[[ ENTRIES SUPPLIED, beginning ]]
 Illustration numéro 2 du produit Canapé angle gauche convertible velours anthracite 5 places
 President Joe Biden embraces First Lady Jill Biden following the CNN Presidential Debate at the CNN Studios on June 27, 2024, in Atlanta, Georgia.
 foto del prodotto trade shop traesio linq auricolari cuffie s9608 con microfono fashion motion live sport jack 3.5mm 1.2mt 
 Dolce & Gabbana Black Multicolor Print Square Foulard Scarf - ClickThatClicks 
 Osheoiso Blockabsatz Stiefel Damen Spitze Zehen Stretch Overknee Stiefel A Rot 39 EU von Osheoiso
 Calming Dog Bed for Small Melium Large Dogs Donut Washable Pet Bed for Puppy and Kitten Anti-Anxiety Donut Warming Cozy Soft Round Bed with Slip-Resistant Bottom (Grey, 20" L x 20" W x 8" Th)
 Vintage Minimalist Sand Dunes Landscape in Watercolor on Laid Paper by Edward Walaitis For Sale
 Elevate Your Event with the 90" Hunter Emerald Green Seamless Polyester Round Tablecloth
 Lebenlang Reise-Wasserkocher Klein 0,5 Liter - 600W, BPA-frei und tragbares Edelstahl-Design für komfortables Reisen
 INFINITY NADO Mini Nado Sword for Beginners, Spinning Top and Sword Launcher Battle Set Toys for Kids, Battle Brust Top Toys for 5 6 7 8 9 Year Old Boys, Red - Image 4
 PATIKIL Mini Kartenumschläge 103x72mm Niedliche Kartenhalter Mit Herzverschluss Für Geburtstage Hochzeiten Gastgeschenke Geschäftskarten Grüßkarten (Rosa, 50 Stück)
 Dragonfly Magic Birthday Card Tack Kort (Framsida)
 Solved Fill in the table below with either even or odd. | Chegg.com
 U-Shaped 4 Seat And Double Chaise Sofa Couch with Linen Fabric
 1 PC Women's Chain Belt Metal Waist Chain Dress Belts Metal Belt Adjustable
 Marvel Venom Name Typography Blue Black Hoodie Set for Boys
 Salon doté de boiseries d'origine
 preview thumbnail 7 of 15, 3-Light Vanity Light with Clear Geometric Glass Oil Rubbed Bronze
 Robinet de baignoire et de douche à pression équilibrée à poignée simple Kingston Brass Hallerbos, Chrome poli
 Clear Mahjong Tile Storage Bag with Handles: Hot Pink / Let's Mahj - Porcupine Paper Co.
[[ ENTRIES SUPPLIED, end ]]
→ **WORK ITEM**
This exercise requires the entries above to be restated exactly.

→ **RESPONSE FOR THIS EXERCISE**
 Illustration numéro 2 du produit Canapé angle gauche convertible velours anthracite 5 places
 President Joe Biden embraces First Lady Jill Biden following the CNN Presidential Debate at the CNN Studios on June 27, 2024, in Atlanta, Georgia.
 foto del prodotto trade shop traesio linq auricolari cuffie s9608 con microfono fashion motion live sport jack 3.5mm 1.2mt 
 Dolce & Gabbana Black Multicolor Print Square Foulard Scarf - ClickThatClicks 
 Osheoiso Blockabsatz Stiefel Damen Spitze Zehen Stretch Overknee Stiefel A Rot 39 EU von Osheoiso
 Calming Dog Bed for Small Melium Large Dogs Donut Washable Pet Bed for Puppy and Kitten Anti-Anxiety Donut Warming Cozy Soft Round Bed with Slip-Resistant Bottom (Grey, 20" L x 20" W x 8" Th)
 Vintage Minimalist Sand Dunes Landscape in Watercolor on Laid Paper by Edward Walaitis For Sale
 Elevate Your Event with the 90" Hunter Emerald Green Seamless Polyester Round Tablecloth
 Lebenlang Reise-Wasserkocher Klein 0,5 Liter - 600W, BPA-frei und tragbares Edelstahl-Design für komfortables Reisen
 INFINITY NADO Mini Nado Sword for Beginners, Spinning Top and Sword Launcher Battle Set Toys for Kids, Battle Brust Top Toys for 5 6 7 8 9 Year Old Boys, Red - Image 4
 PATIKIL Mini Kartenumschläge 103x72mm Niedliche Kartenhalter Mit Herzverschluss Für Geburtstage Hochzeiten Gastgeschenke Geschäftskarten Grüßkarten (Rosa, 50 Stück)
 Dragonfly Magic Birthday Card Tack Kort (Framsida)
 Solved Fill in the table below with either even or odd. | Chegg.com
 U-Shaped 4 Seat And Double Chaise Sofa Couch with Linen Fabric
 1 PC Women's Chain Belt Metal Waist Chain Dress Belts Metal Belt Adjustable
 Marvel Venom Name Typography Blue Black Hoodie Set for Boys
 Salon doté de boiseries d'origine
 preview thumbnail 7 of 15, 3-Light Vanity Light with Clear Geometric Glass Oil Rubbed Bronze
 Robinet de baignoire et de douche à pression équilibrée à poignée simple Kingston Brass Hallerbos, Chrome poli
 Clear Mahjong Tile Storage Bag with Handles: Hot Pink / Let's Mahj - Porcupine Paper Co.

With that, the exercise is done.